→ **The problem**: For every line in the material, output its text exactly and exclude any image it holds.

→ **Information supplied**:
____

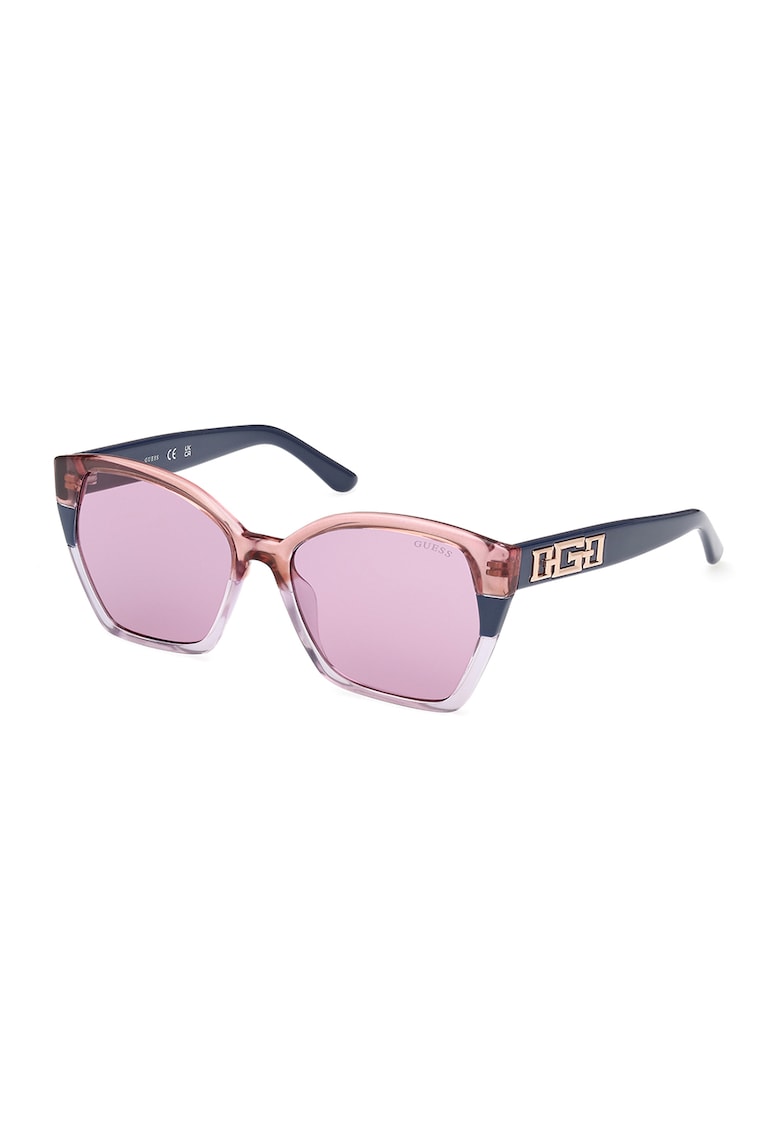 Ochelari de soare cat-eye cu lentile in degrade - Rosu stins/Bleumarin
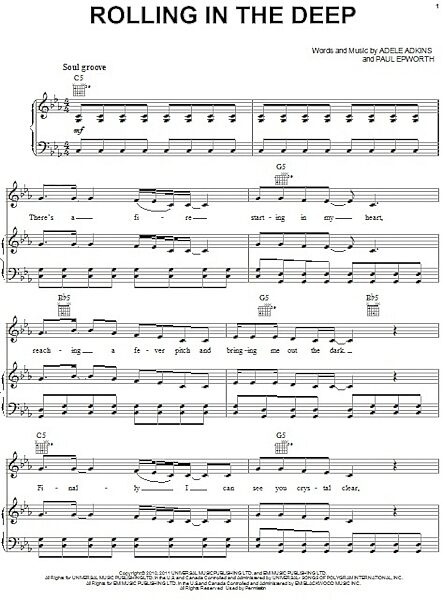 open zoom image for Rolling In The Deep - Piano/Vocal/Guitar, New, Main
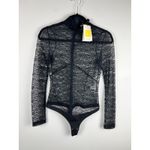 NOAM Emmeline Black Lace Mock Neck Long Sleeve Bodysuit Photo 1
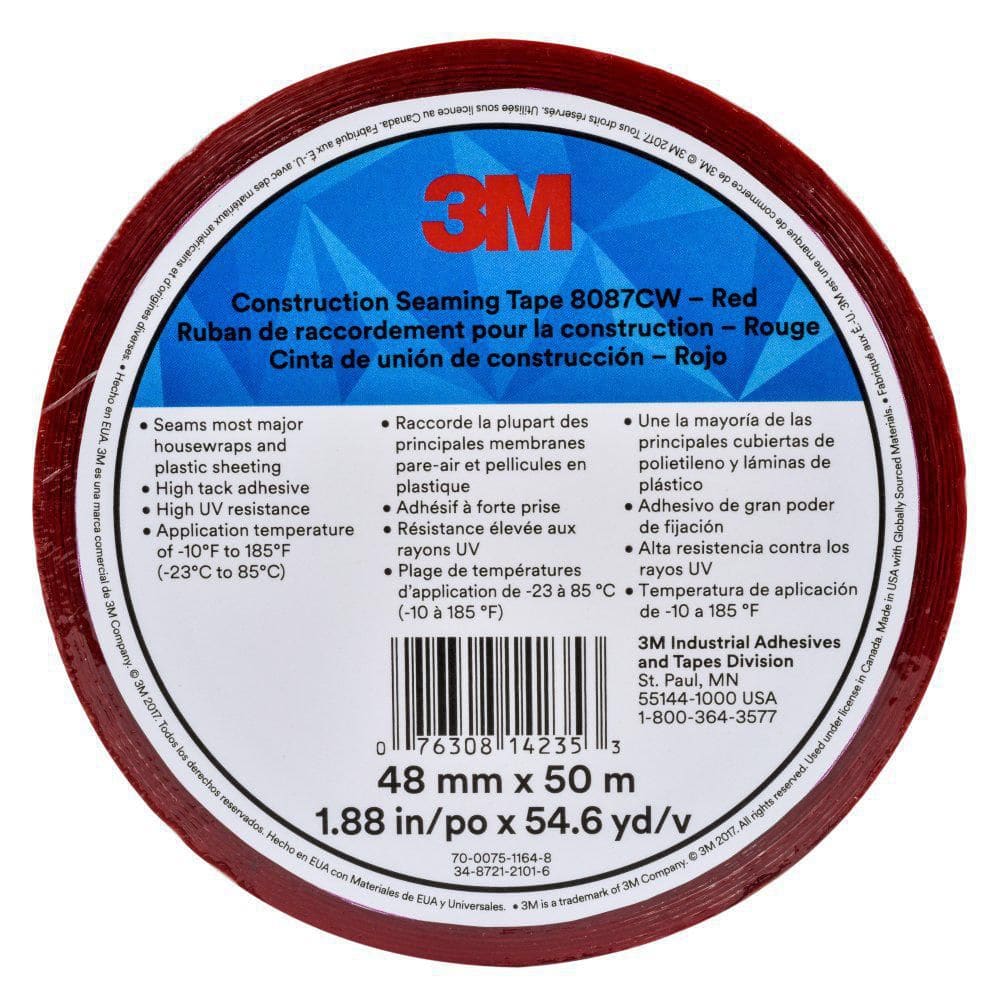 3M 1.89 in. x 54.7 yds. Red Construction Seaming Tape 8087CW The Home  Depot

____

→ **Response below**:
 Ochelari de soare cat-eye cu lentile in degrade - Rosu stins/Bleumarin
 open zoom image for Rolling In The Deep - Piano/Vocal/Guitar, New, Main
 NOAM Emmeline Black Lace Mock Neck Long Sleeve Bodysuit Photo 1
 3M 1.89 in. x 54.7 yds. Red Construction Seaming Tape 8087CW The Home  Depot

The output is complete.